We evaluated several options and chose one that:
- integrated with our existing identity and access management
- supported per-service access control
- provided auditing and rotation primitives
The specific tool matters less than the properties: auditable, revocable, and scriptable.
Consequences
Upsides
- Easier rotation. We can rotate secrets centrally and roll them out without rebuilding images or editing multiple config files.
- Better auditing. We have logs of when and where secrets are accessed.
- Tighter access control. Each service has a scoped identity that grants access only to the secrets it needs.
- Safer development environments. We can provision lower-privilege secrets for non-production use without copying production values.
Downsides / costs
- Operational complexity. Applications must handle the failure modes of the secrets system (e.g., transient unavailability).
- Migration work. We needed to:
- identify all existing secrets in environment variables
- move them into the secrets system
- update applications to fetch them correctly
- Bootstrap questions.
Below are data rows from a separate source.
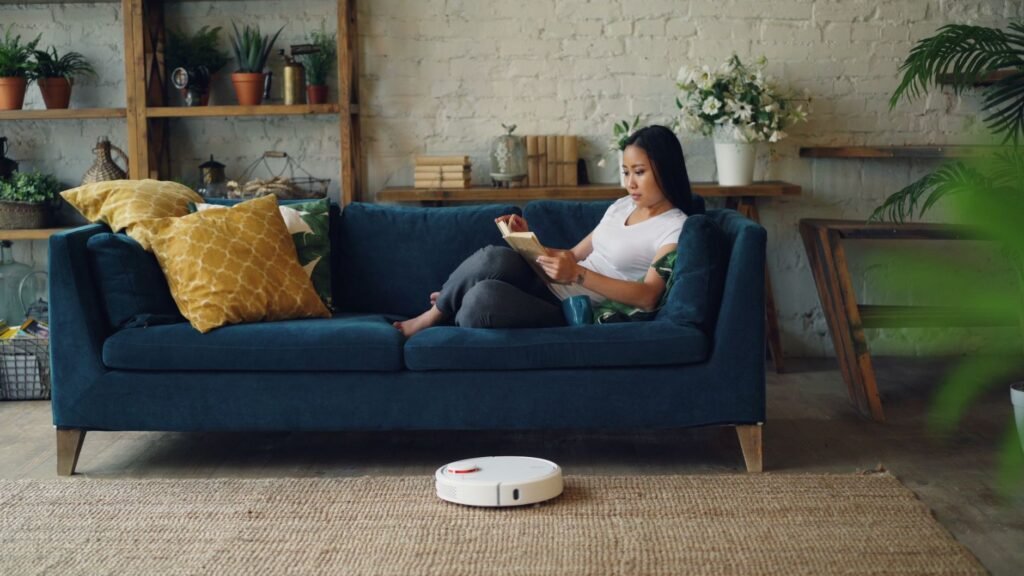 Robot vacuum cleaning a bright, cozy living room while a person relaxes on the sofa.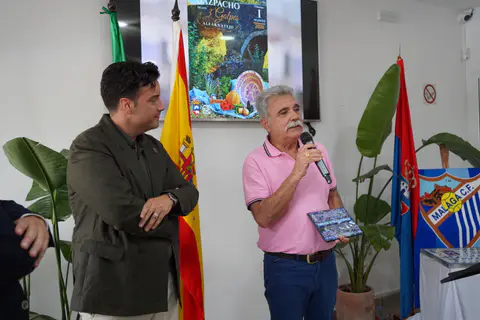 Un asistente habla con un micrófono junto a una bandera de España y elementos blanquiazules.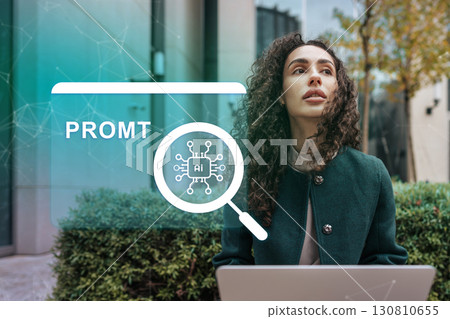 Woman exploring artificial intelligence concepts outdoors while using a laptop in a modern urban area during daytime 130810655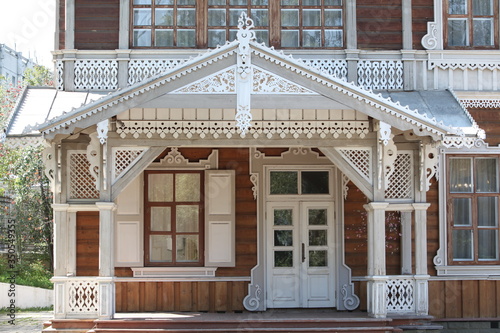 Porch door and ornamental windows with carved frames of Sukachyov's old wooden house in Irkutsk city (Russia). Museum-estate of V. P. Sukachev. Russian folk style in architecture. Landmark of Irkutsk photo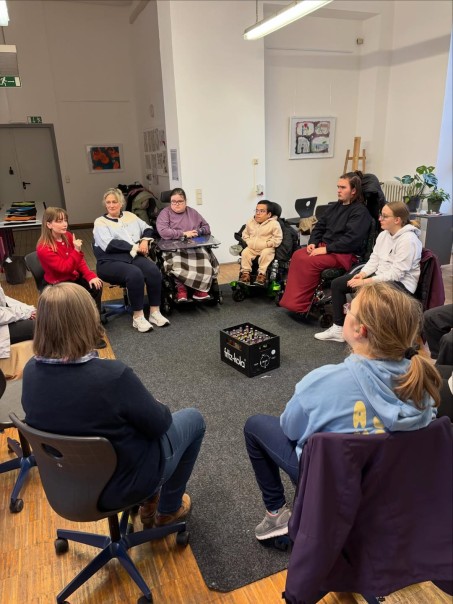 Bild von mehreren Personen die im Kreis sitzen und diskutieren.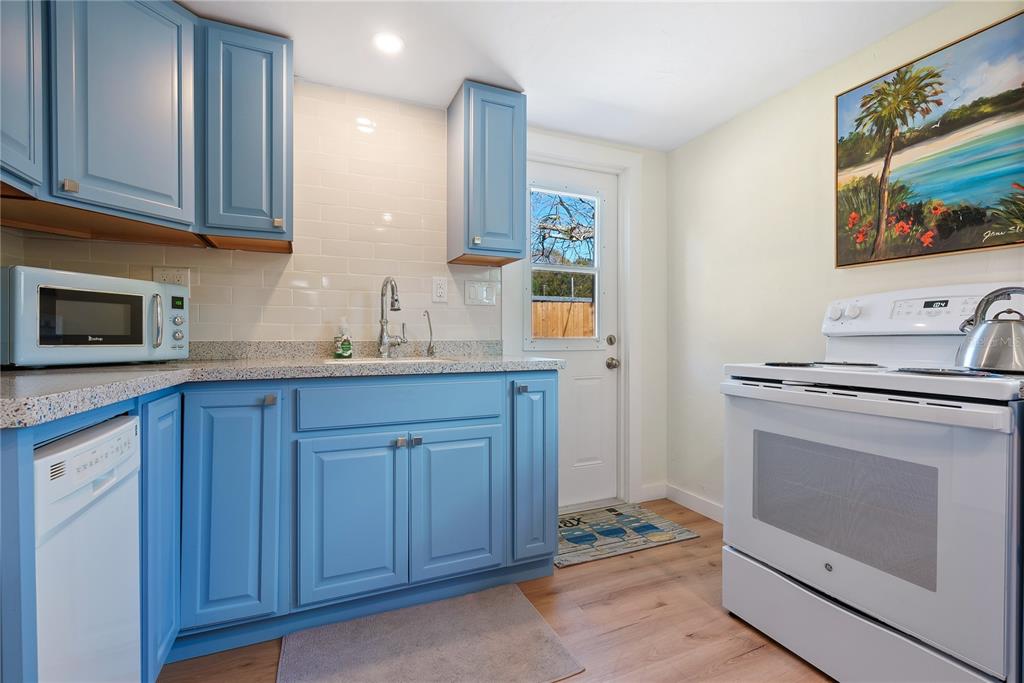A kitchen features blue cabinets, white appliances, a granite countertop, and a white subway tile backsplash — 2311 WALDEMERE STREET UNIT B, SARASOTA, FL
The system that fetches secrets needs its own trust path (e.g., an instance identity or initial credential).
Guardrails
To keep the new system from becoming another source of drift, we set a few rules:
- New services must use the secrets system from the start.
- Adding or changing a secret requires updating a small inventory document that maps secrets to services.
- Incident runbooks include a "secrets" section:
- where the secret lives
- how to rotate it
- how to verify the new value is in use
We also decided not to move everything:
- Non-sensitive configuration stays in environment variables for simplicity.
- We avoid using the secrets system for values that change constantly or are better represented as data in a database.
This decision makes some workflows more explicit, but it pays off during the rare but critical moments when a secret must change quickly and safely.